## WHAT IS EXPECTED
Please output exactly the lines from the one containing "Neon Graffiti Duffel Bag" through the end of the records below, leaving out any pictures.

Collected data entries
========

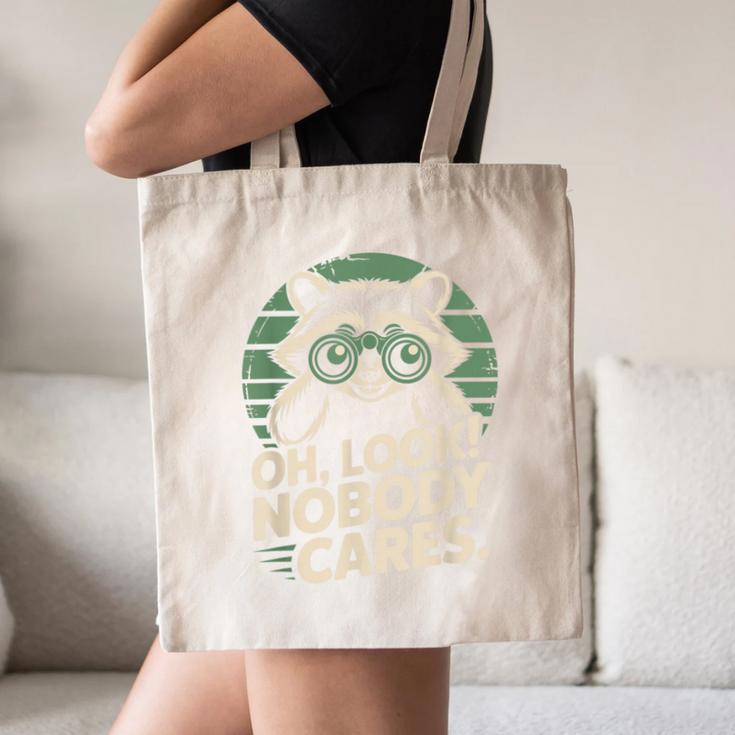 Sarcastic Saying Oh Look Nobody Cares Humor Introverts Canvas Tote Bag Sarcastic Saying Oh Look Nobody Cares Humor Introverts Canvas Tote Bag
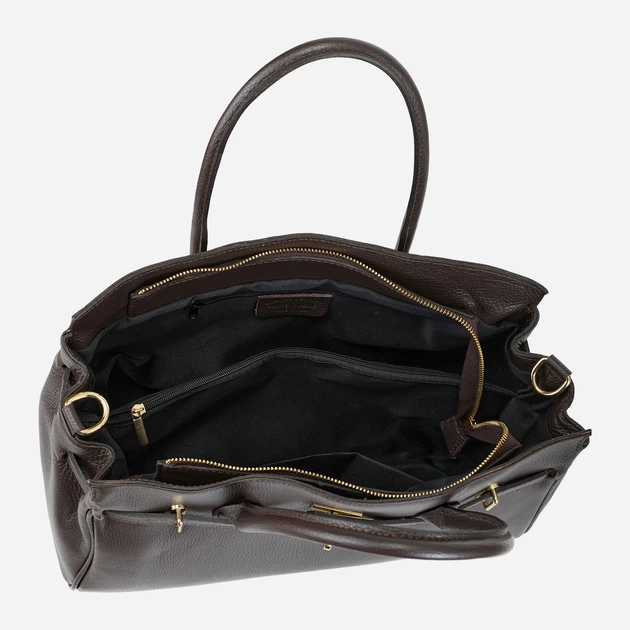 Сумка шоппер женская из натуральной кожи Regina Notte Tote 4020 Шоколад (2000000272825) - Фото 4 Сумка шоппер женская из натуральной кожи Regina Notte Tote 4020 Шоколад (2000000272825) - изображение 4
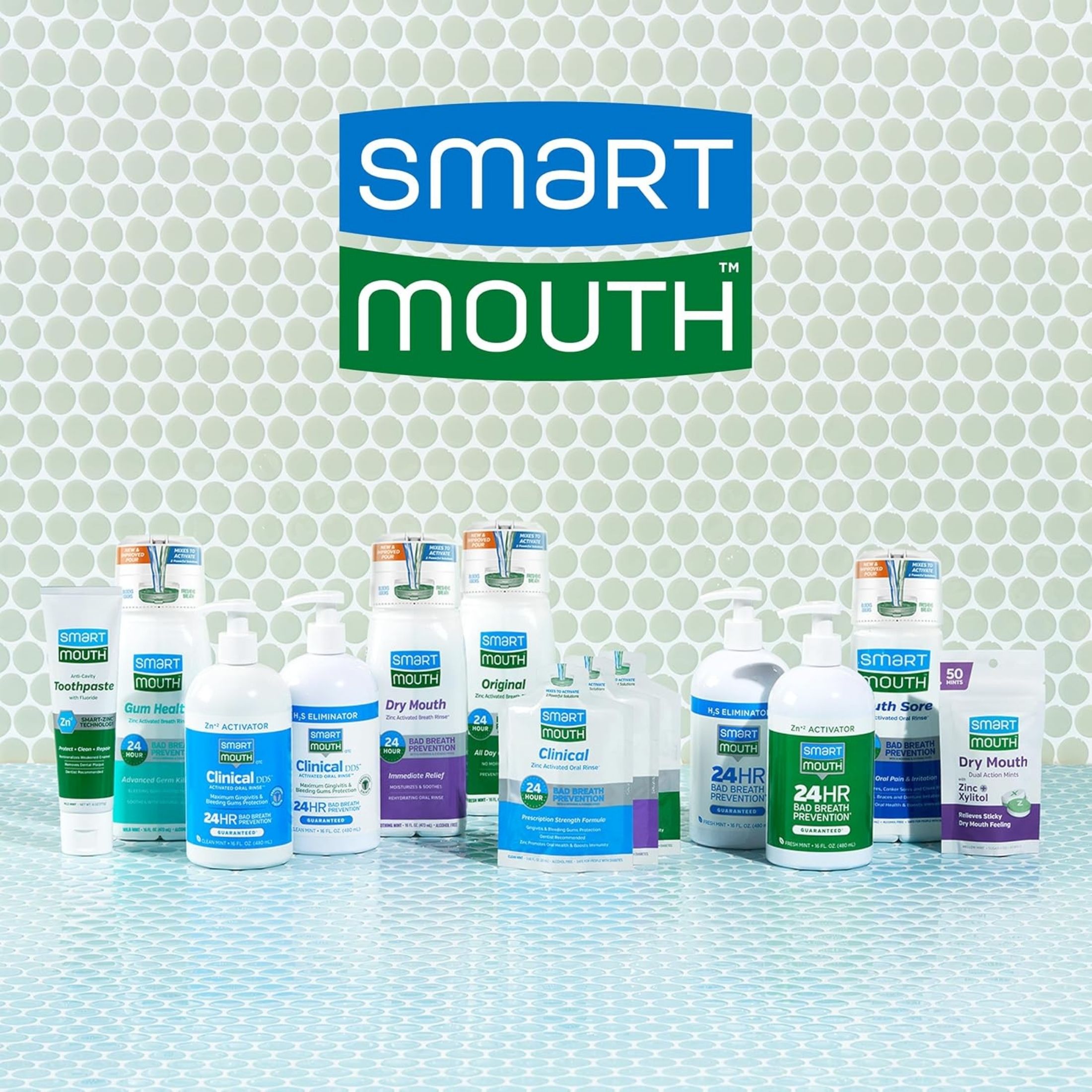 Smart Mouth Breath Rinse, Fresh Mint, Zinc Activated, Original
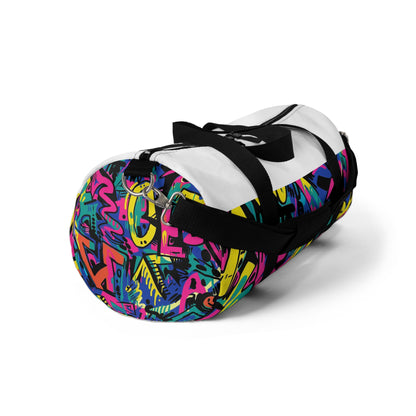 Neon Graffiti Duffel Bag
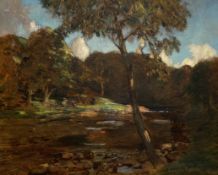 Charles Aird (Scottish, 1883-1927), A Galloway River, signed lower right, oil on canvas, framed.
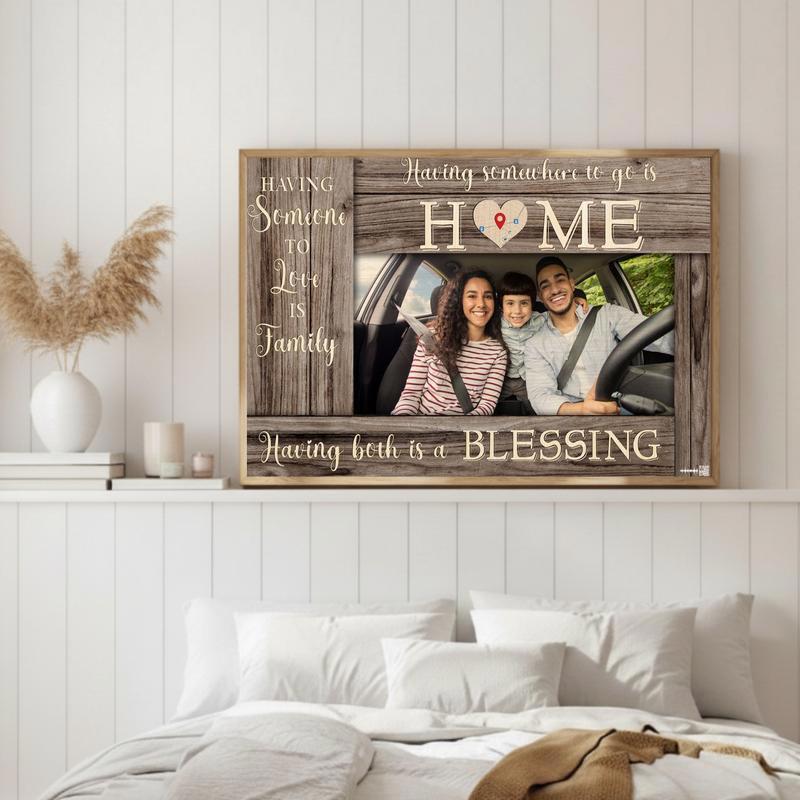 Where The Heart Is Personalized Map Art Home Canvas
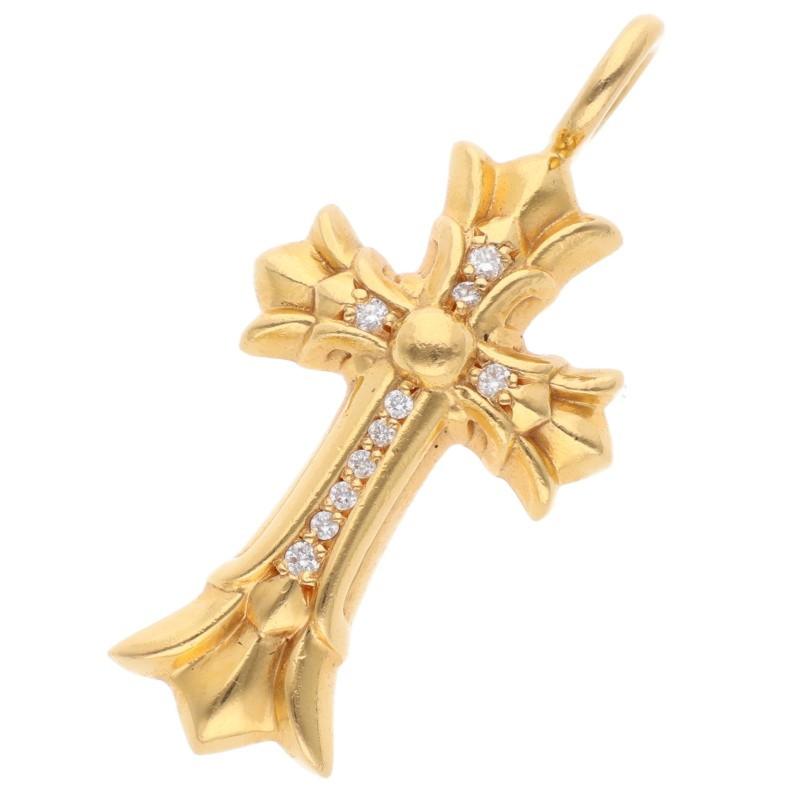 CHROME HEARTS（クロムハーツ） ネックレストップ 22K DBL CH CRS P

========

## TASK ANSWER
 Neon Graffiti Duffel Bag
 Charles Aird (Scottish, 1883-1927), A Galloway River, signed lower right, oil on canvas, framed.
 Where The Heart Is Personalized Map Art Home Canvas
 CHROME HEARTS（クロムハーツ） ネックレストップ 22K DBL CH CRS P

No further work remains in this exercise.